One of those students is Jonathan McNeal. “Julia Reichert was insistent that we utilize resources within the community to help make our films,” he said. “We got casting help from the folks at Human Race and Muse Machine. We worked with local restaurants for catering. We learned how to be better citizens while scouting locations. And we of course got to know operators of local cinemas while looking for exhibition opportunities.”
McNeal earned his Bachelor of Fine Arts in motion picture production in 1996 and has worked as the manager of The Neon, Dayton’s arthouse cinema, for 22 years. Now he is connected to the school because The Neon is where many student and local filmmakers can showcase their work. This year and in some years past, The Neon has played host to the Big Lens Film Festival, which showcases new films by Wright State students.
There are many other festivals the school hosts on campus, including the Honor Band Festival, Fall Choral Festival, Brass Festival, Fall Strings Festival, and Winds Fest. These events bring students to Wright State from beyond just Raider Country. During the summer, Wright State normally hosts around 12 different high school marching band summer camps, professional dance camps, and choral acapella camps.

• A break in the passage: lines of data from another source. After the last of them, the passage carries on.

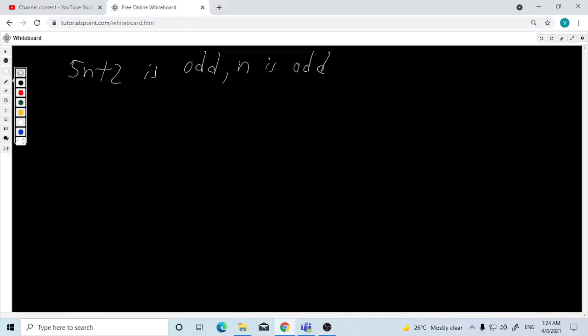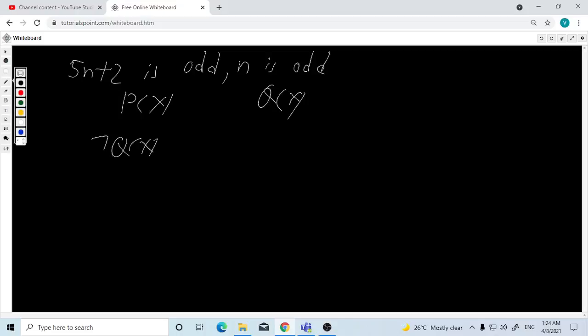We need to do another question using the contrapositive method. So p is odd and q is odd, and we need to do the negation: not-q implies not-p.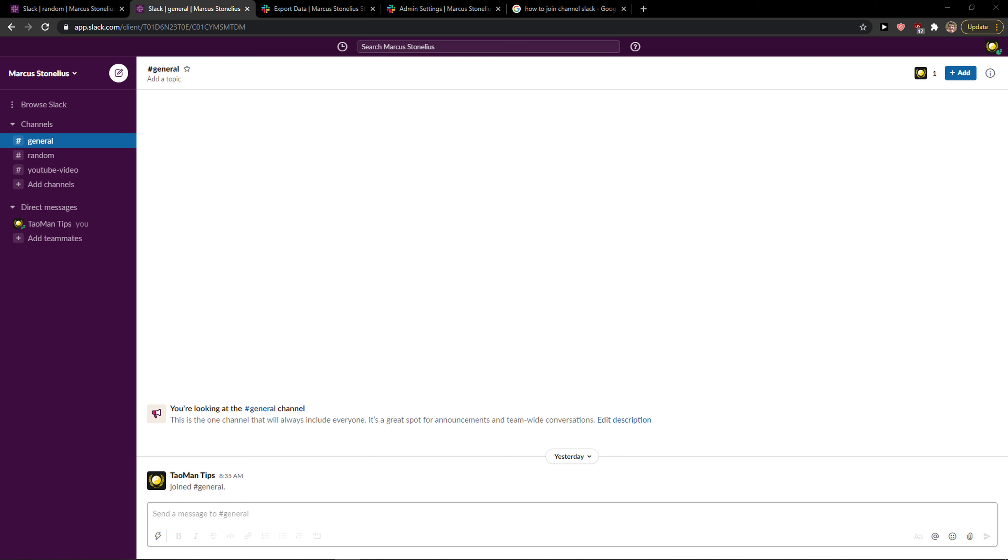Hey everybody, my name is Marcus and in this video I'll show you a simple way how you can change your password in Slack. So let's start. The first thing that you want to do is just be in Slack.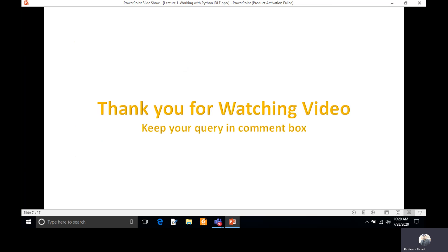Thank you very much for watching the video. If you have any queries, you can keep them in the comment box and I will answer them.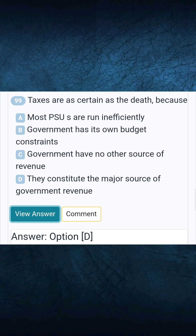Question 99: Taxes are as certain as death because. Answer D: They constitute the major source of government revenue.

This allows potential students to spend time living and working on the Wright State campus and see firsthand what the university has to offer.

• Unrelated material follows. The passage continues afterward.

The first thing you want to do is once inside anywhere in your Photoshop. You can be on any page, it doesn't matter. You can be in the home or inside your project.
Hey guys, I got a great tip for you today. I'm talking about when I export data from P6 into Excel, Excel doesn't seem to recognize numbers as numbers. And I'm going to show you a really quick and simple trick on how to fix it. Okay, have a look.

“These summer events bring in thousands of high school students from across the tristate area and from across the U.S.,” Zehringer said. “Thousands of people are on campus from June through early August when there really are not many Wright State students on campus. This facility is constantly bustling with creativity and life.”
Thanks to the subscription series to the theatre, festival, and art submissions, and the camps that are offered every year, the School of Fine and Performing Arts is doing its share of money-making and community outreach.

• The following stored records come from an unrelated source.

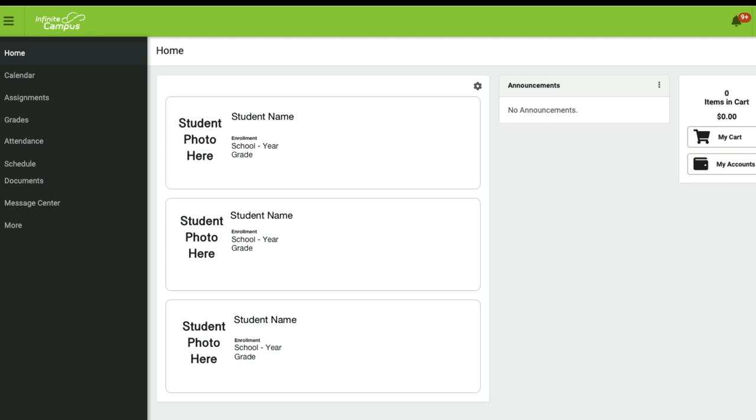Now it may be possible that you are a parent who has more than one child in the district that could be at various schools. For example, you may have one in elementary, one in middle school, and one in high school. So if you are logging into the Parent Portal, you're going to be able to view each of your students' information when you log into the portal.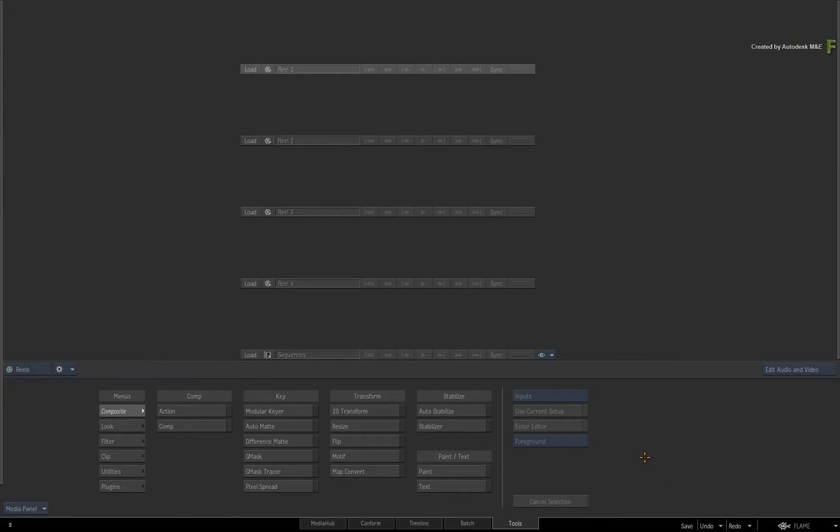In Flame 2018, this was known as Auto-Paint and it was only available in the Desktop Paint module. You'll learn how to create animated paint strokes.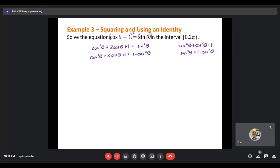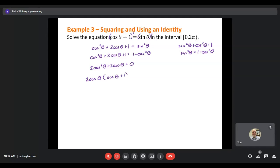Setting equal to 0 and moving everything to one side: subtracting 1 cancels the ones, and adding cosine squared gives 2 cosine squared theta plus 2 cosine theta equals 0. Both terms share a common factor of 2 cosine theta, so I factor that out: 2 cosine theta times (cosine theta plus 1) equals 0. Now I set each factor equal to 0: 2 cosine theta equals 0, and cosine theta plus 1 equals 0.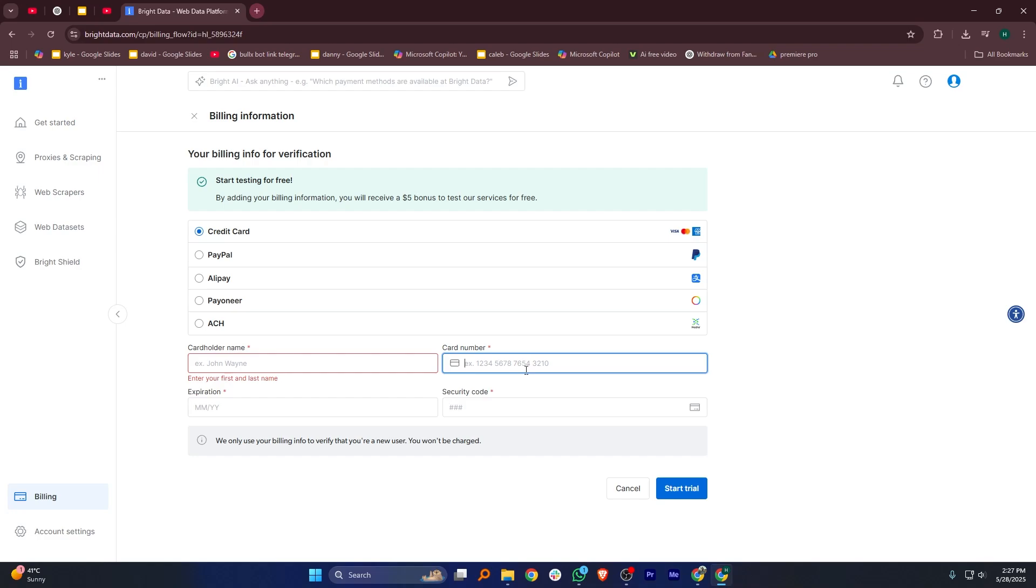For example, if you choose PayPal, you'll be asked to enter your email address or mobile number linked to your PayPal account. If you prefer using a card, simply enter your cardholder name, card number, expiration date, and security code to complete the payment process.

The school will continue to train and teach its students to hone their crafts and create works that delight people’s ears and eyes. Zehringer said part of the reason he loves his position is because the students are incredibly dedicated and have already been honing their craft for years before they arrive at Wright State. He said many times the students are more driven because they are accepted into highly competitive programs from a national and international pool of applicants.
“A lot of our students we do consider to be from Raider Country,” he said. “Working with students, watching them learn their craft and progress as artists is really the greatest part of my job. I just absolutely love that.”
And the collaboration with the community will definitely continue. The faculty will continue to work with outside groups and help students make connections. Beyond the local groups mentioned, there are many others who are involved with the arts at Wright State, including the Dayton Contemporary Dance Company, the Dayton Opera Chorus, La Comedia, and The Human Race Theatre.
These collaborations are necessary if the arts are to continue. According to Deer, the value of higher education to a community is constantly evolving, especially since COVID-19. Being actively engaged with the neighboring arts groups helps students learn more and can help when it comes to funds. Deer said it is expensive to give students life-changing experiences, so these partnerships are perfect for the school.
“The future has to be collaboration,” Deer said. “It has to be looking for ways that we can pool our resources because the thing no teacher wants to accept is a reduced experience for their students…it’s easy to become disconnected in certain ways.
“I think the future for the School of Fine and Performing Arts and for Wright State is finding its way to connect with our community, and to see and hear our community and for them to see and hear us in ways that feel relevant and urgent.”